«…Нет сомнения, что колхозники нашей фермы, вдохновленные историческими решениями XXI съезда партии, не пожалеют своих знаний и опыта для дальнейшего развития овцеводства. Мы все сделаем, чтобы к 1965 году увеличить поголовье овец вдвое, а производство шерсти — в 1,7 раза».
Следующая статья призывает колхозников «полностью сохранить полученный приплод». «…Сейчас очень ответственный период в овцеводстве. Начался окот, от успешного завершения которого очень многое зависит в росте поголовья овец. Колхозники нашей фермы еще с первых чисел января стали готовиться к окоту. Они своевременно подготовили ягнятники, позаботились об их дезинфекции. Наша ферма обслуживается тремя бригадами. В каждой бригаде в достаточном количестве имеется сено, подвезенное к жилищам. Имеются также концентрированные корма.
В успешном проведении окота и полном сохранении приплода главную роль играют рабочие. Поэтому основной заботой правления колхоза и руководства фермы было укомплектование бригад более опытными пастухами.
Лучше всех подготовилась к окоту бригада Давида Читишвили. Члены бригады, ознакомившись с последними решениями партии, взяли обязательство успешно провести окот и от каждой сотни овцематок получить и вырастить девяносто шесть ягнят…
Члены бригады № 1 на своем собрании приняли решение добиться звания бригады коммунистического труда и великие задачи, поставленные семилетним планом, выполнить в шесть лет…».
Я читаю еще одну заметку, просматриваю уголок юмора. «Смейся и смеши» называется четвертый столбец стенгазеты.
«Давид Читишвили спросил у Шакриа Читишвили, старейшего чабана в бригаде:
— Дядя Шакро, почему ты не бреешься, разве у нас бритв не хватает?
Дядя Шакро ответил:
— Во-первых, окот начался, и мне некогда бриться, а во-вторых, раз уж я приступил к окоту с бородой, то без бороды ягнята меня не узнают, дичиться станут.
— Значит, сбреешь, когда кончится окот, правда, дядя Шакро?
— Нет, сынок, я и тогда не решусь: все равно ягнята и тогда будут пугаться меня без бороды, а может, даже подумают, что я председатель — совсем слушаться перестанут! — ответил наш дядя Шакро».
Вторая шутка:
«В одной деревне был (да теперь весь вышел) один председатель; неизвестно, каким ветром его сюда занесло.
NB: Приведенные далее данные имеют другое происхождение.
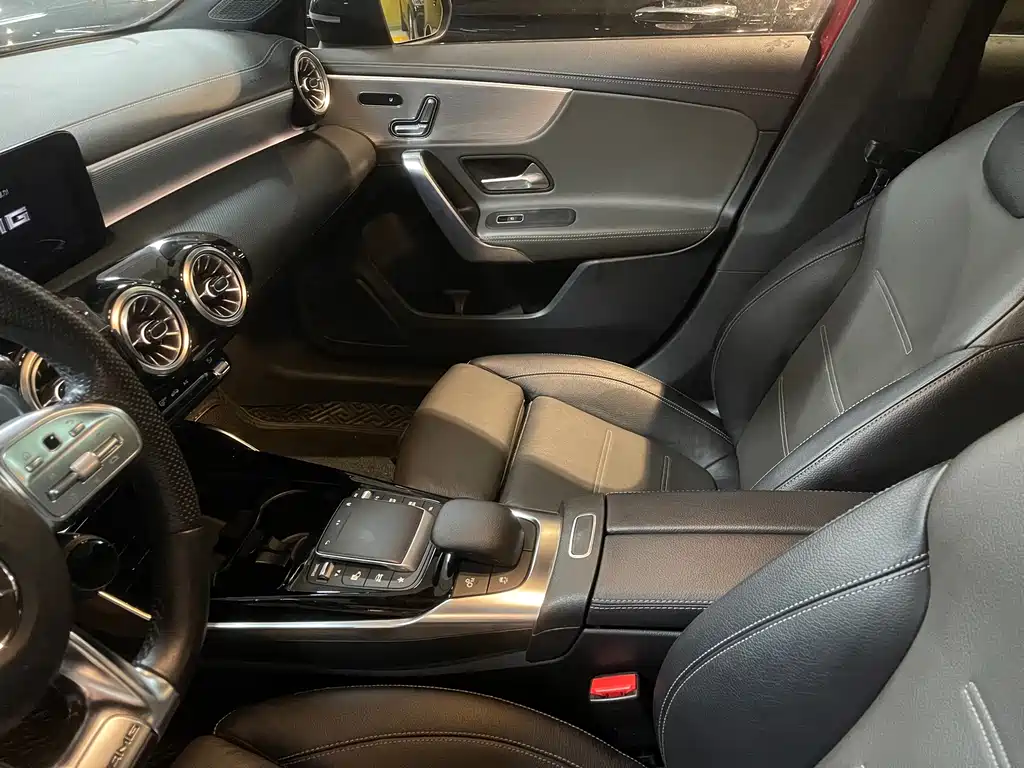 Mercedes-Benz A-Class AMG 2021 — фото 5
В одну суровую зиму, когда на овцеводческой ферме в очень трудных условиях проходил окот, пастухи попросили завфермой: позвони нашему председателю, сообщи, что терпим большой урон. И завфермой позвонил:
— Окот протекает в очень плохих условиях, большой падеж ягнят!
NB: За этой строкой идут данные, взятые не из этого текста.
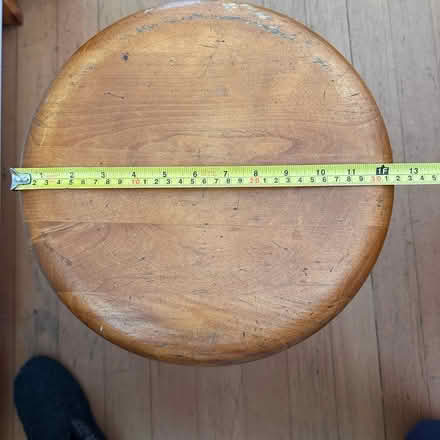 Photo of free Round stool (West Seattle Admiral) #3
— Немедленно прекратите окот, ждите хорошей погоды! — ответил занесенный ветром председатель и, довольный своим «прозорливым» решением, стал ходить взад-вперед по комнате, потирая руки…».
Я кончил читать газету, выписал то, что мне было нужно, в блокнот. Стенгазета все рассказала мне о работе фермы и бригады…
Вечерело…
Донеслось блеяние овец, возвращавшихся с пастбищ в овчарни. Повар сунул в огонь полено. Потом разложил на столе ложки и миски. То и дело хлопала дверь, в комнату заходили пастухи, здоровались со мной и садились на длинную тахту, подвинутую к стене. Скоро всю стену заслонили широкие плечи пастухов. С краю сидел Шакриа Читишвили с большой, густой бородой. Левая его бровь пряталась под черной папахой, а правую он, как сломанное крыло, опустил вниз.
— Дядя Шакро, расскажи что-нибудь интересное про ягнят.
— Что же тебе рассказать, сынок? Сколько я этих новорожденных ягнят с поля в ягнятник перетаскал, и в кошелке, и за пазухой… Наверно, на всей Даргвисской ферме столько овец не наберется…
— Кто из вас братья? — спросил я у пастухов.
— Одни — братья, другие — побратимы, — ответил пастух, сидящий рядом с Шакриа.
— Нет, я хотел спросить: родные братья?
— Все мы — родные братья, — сказал кто-то, теперь уже с другого конца тахты.
— А кто из вас — дети одних родителей?
Сначала рядом с Шакриа поднялись трое Читишвили, потом с середины тахты встали двое Читишвили, и с того края — еще двое.
— Беро, Алеша и Василий, Шакриа и Ладо, Шалико и Шашо, — назвали они свои имена и снова сели на тахту…
— Кто редактор этой стенгазеты? — продолжал я расспрашивать.
— Редактор — я, а члены редколлегии — все, — ответил Беро Читишвили.
— Что скажете о газете?
— Вот одну сделали, скоро другую вывесим.
— Ну, а про ферму, про обязательства — все это верно там написано?
— У нас здесь не лгут…
— А что у вас нового в бригаде?
— Девяносто шесть ягнят от каждой сотни овцематок…
— А еще что?
— Сака Читишвили выздоровел.
— А он кто?
— Отец Ладо и Шакриа. Заболел он у нас здесь зимой, домой отправили, а сейчас получили письмо: «Чувствую себя хорошо, на летних пастбищах буду вместе с вами».
В комнату вошел бригадир Давид Читишвили. Теперь я его атаковал своими вопросами: «Сколько комсомольцев в бригаде?.. Членов партии?..»
— Поужинаем сперва, а потом уж потолкуем, — улыбнувшись, сказал бригадир и мигнул пастухам. Все встали с тахты, задвигали стульями, уселись вокруг стола. Пригласили и меня. Бригада коммунистического труда братьев и побратимов Читишвили приступила к ужину.